Based on the data presented in
Table 7, our proposed method improved in all scales compared to other methods, and it can be competent for the vast majority of object-detection tasks by the excellent performance compared to current state-of-the-art methods.
Figure 10 shows the visualization results on the UCAS-AOD dataset, further supporting the effectiveness of our proposed method.
3.5. Ablation Study
To verify the effectiveness of our proposed detector, we conducted ablation studies on the SIMD dataset using the same hyperparameters and parameter settings for each module to ensure a fair and unbiased comparison.
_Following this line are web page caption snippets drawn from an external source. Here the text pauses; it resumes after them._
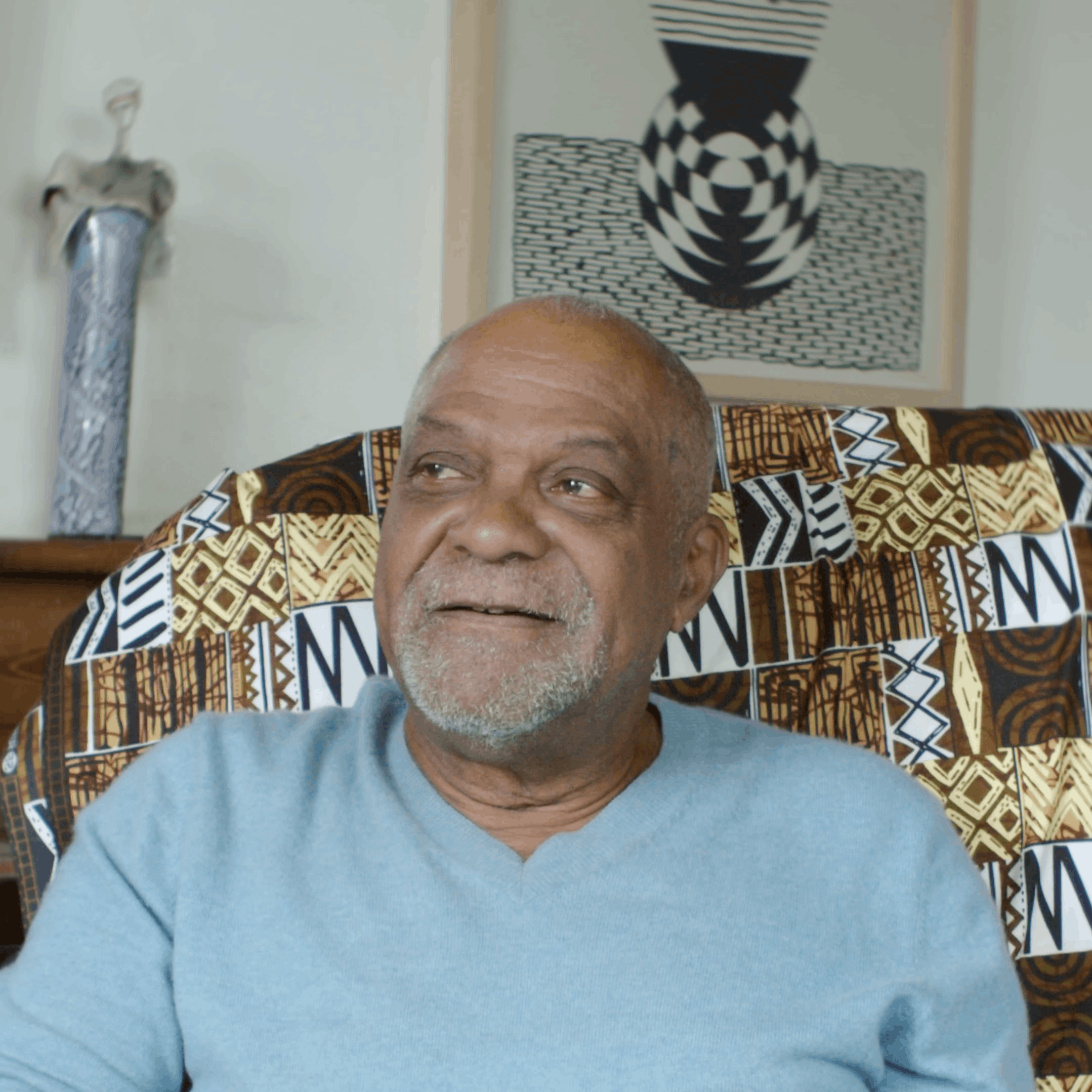 Man on sofa with blue top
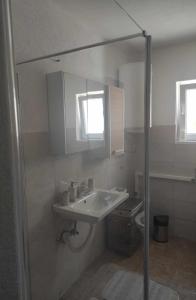 a bathroom with a sink and a toilet at Ajsha Guesthouse in Jajce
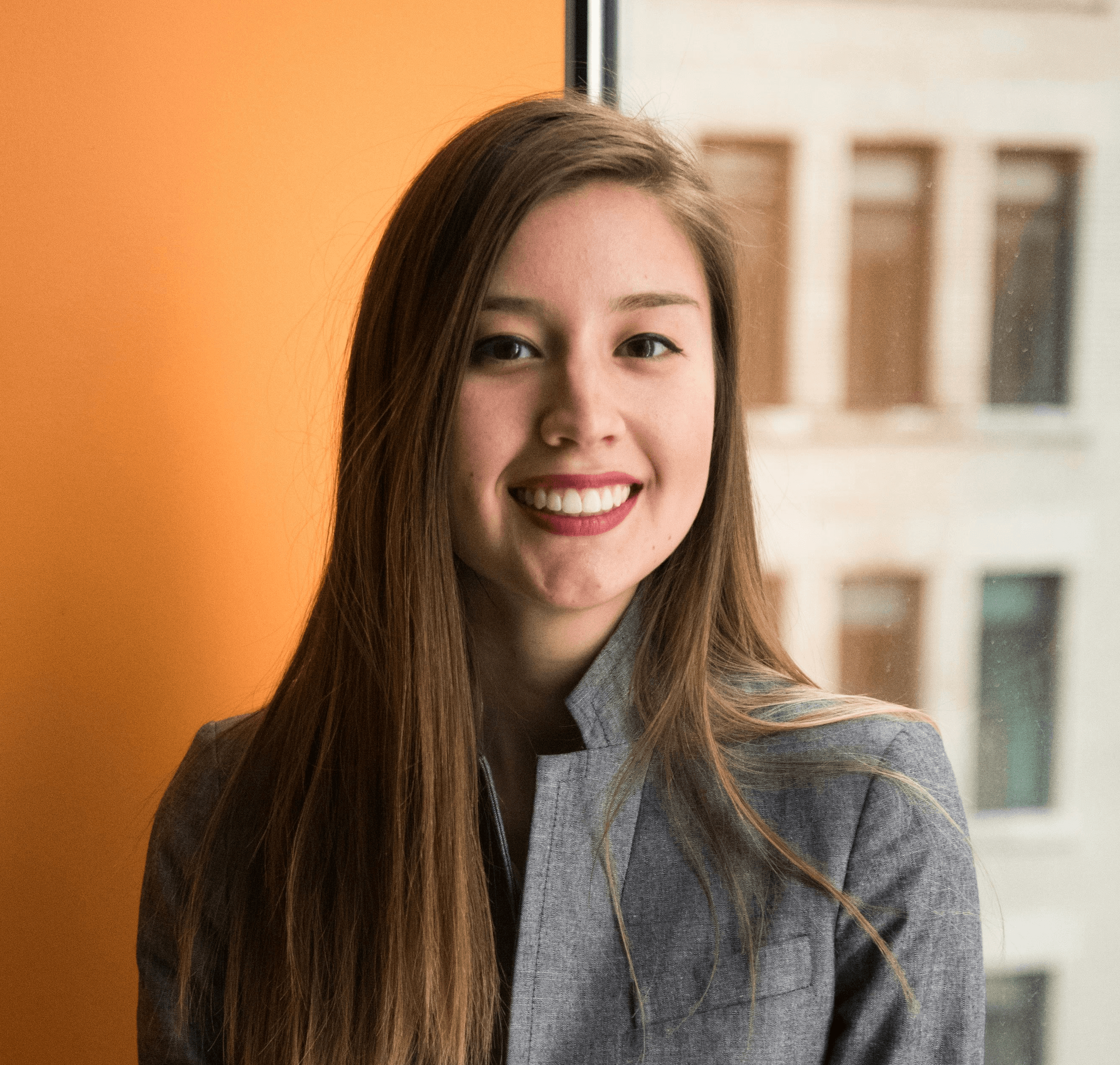 shallow focus photo of woman in gray jacket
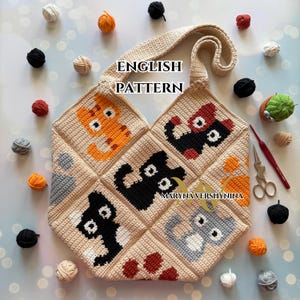 May include: A beige crocheted tote bag featuring cat designs in orange, black, and gray. The bag has a long strap and is surrounded by colorful yarn balls. The text "ENGLISH PATTERN" is visible on the bag.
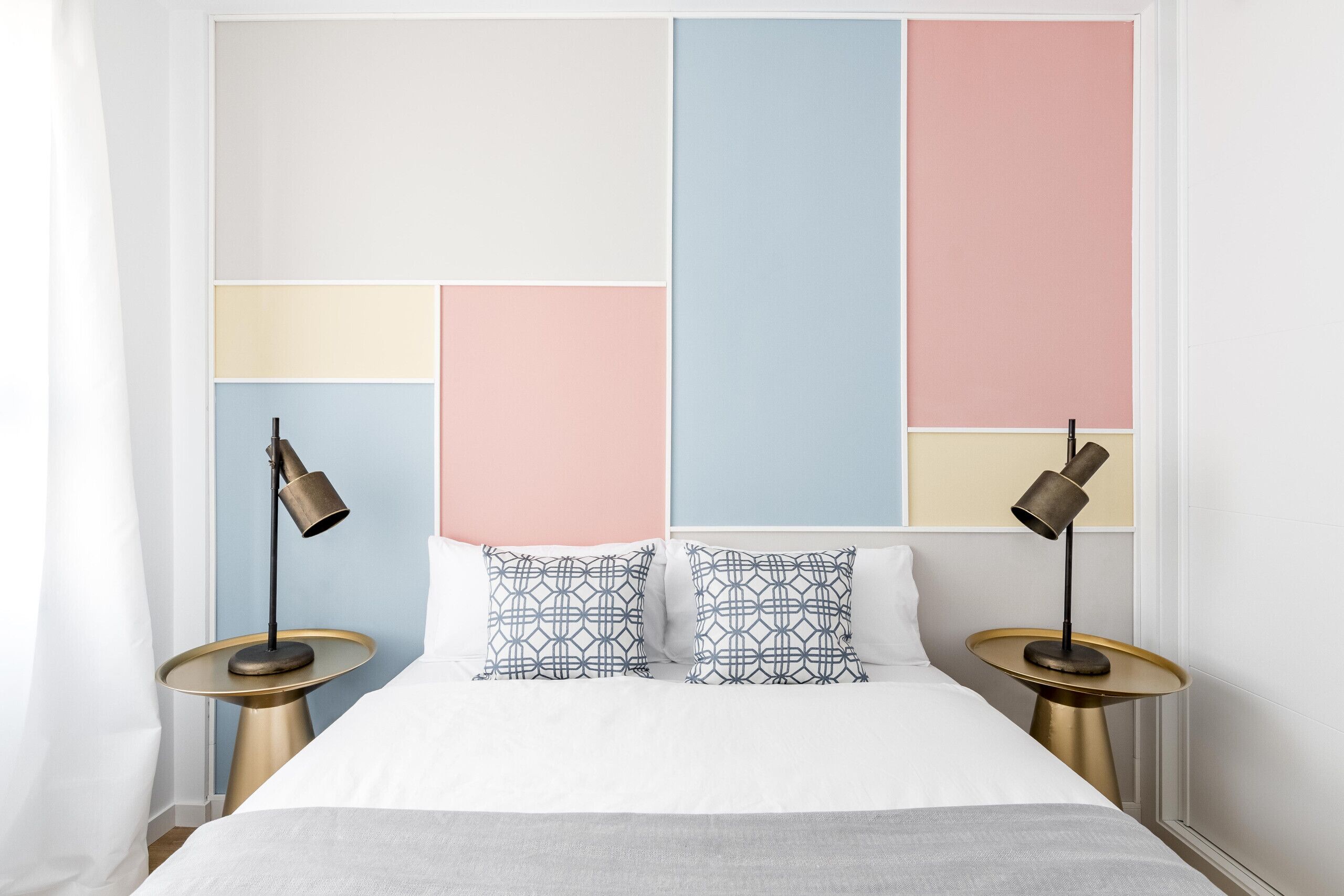 A neatly made bed with a white duvet, two patterned pillows, and two bedside lamps on gold bases.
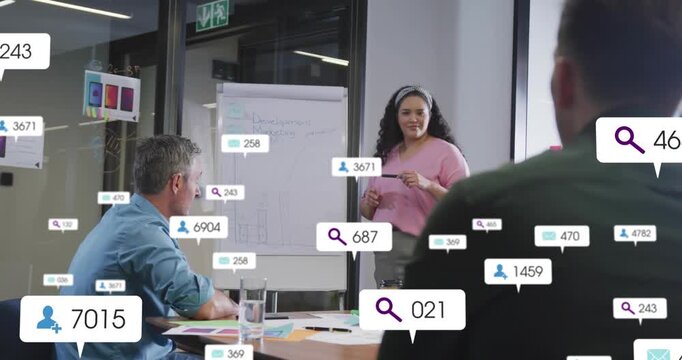 Presenter pointing chart causing metric bubbles filling room and over team, showing business data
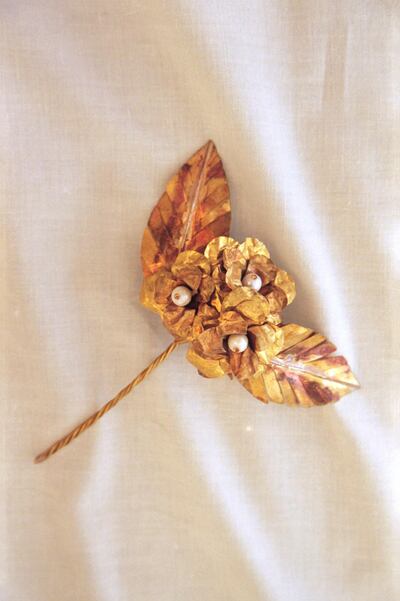 Handmade by artisans in Lebanon, each brooch is created from brass and pearl beads. Courtesy Krikor Jabotian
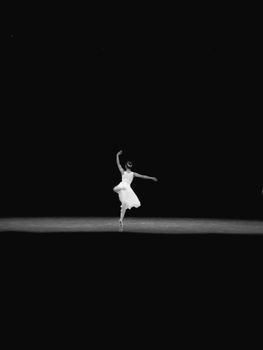 A graceful ballerina dances alone on stage in a monochrome setting, showcasing artistry and poise.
We used the precision, recall, mAP, Params, and floating point operations (FLOPs) to verify the availability of the module we proposed. It can be seen in
Table 8 and
Figure 11 that each of our proposed modules had some improvements over the baseline.
It can be observed from the second and third row of
Table 8 that, with the help of SimAM, the mAP improved from 82.3% to 83.6%. Furthermore, with the help of the VNFE, the mAP increased to 83.7%, and the Params and FLOPs decreased by 18% and 10.5%, respectively. This was caused by the absence of semantic information in the backbone before the use of both of them, resulting in less-prominent features. The addition of SimAM enhanced the features of objects to be detected, while VNFE effectively reduced the parameters when extracting the features, which also explains the reason the mAP value improved when the parameters were reduced.
In order to prove the SPPE, we replaced the original SPPCSPC with the SPPE, with the rest of the model remaining the same, from
Table 8. In the fourth row, the mAP improved from 82.3% to 83.7%. In the SPPE, we changed the connection mode of the maximum pooling layer and increased its receptive fields from the original 5, 9, and 13 to 5, 13, and 25, so as to enhance the model’s detection performance for multi-scale objects.
The validity of the CACL module can be seen from the fifth row in
Table 8. The mAP increased from 82.3% to 83.4%. The CACL module effectively utilized the global information and preserved the crucial details in the feature map during downsampling, which led to the enhanced robustness of the model.
From the sixth and seventh rows of
Table 8, it can be observed that stacking multiple modules progressively yielded increasing gains, reaching 84.1% and 84.4%, surpassing the results obtained from using a single module. Additionally, as the achieved mAP continued to rise, the increase in the parameter count also remained within an acceptable range.
Finally, in the eighth row of
Table 8, it is evident that the mAP value of applying all the improved modules surpassed that of any individual module alone. It balanced the precision and light weight, enabling higher accuracy even with limited computing resources.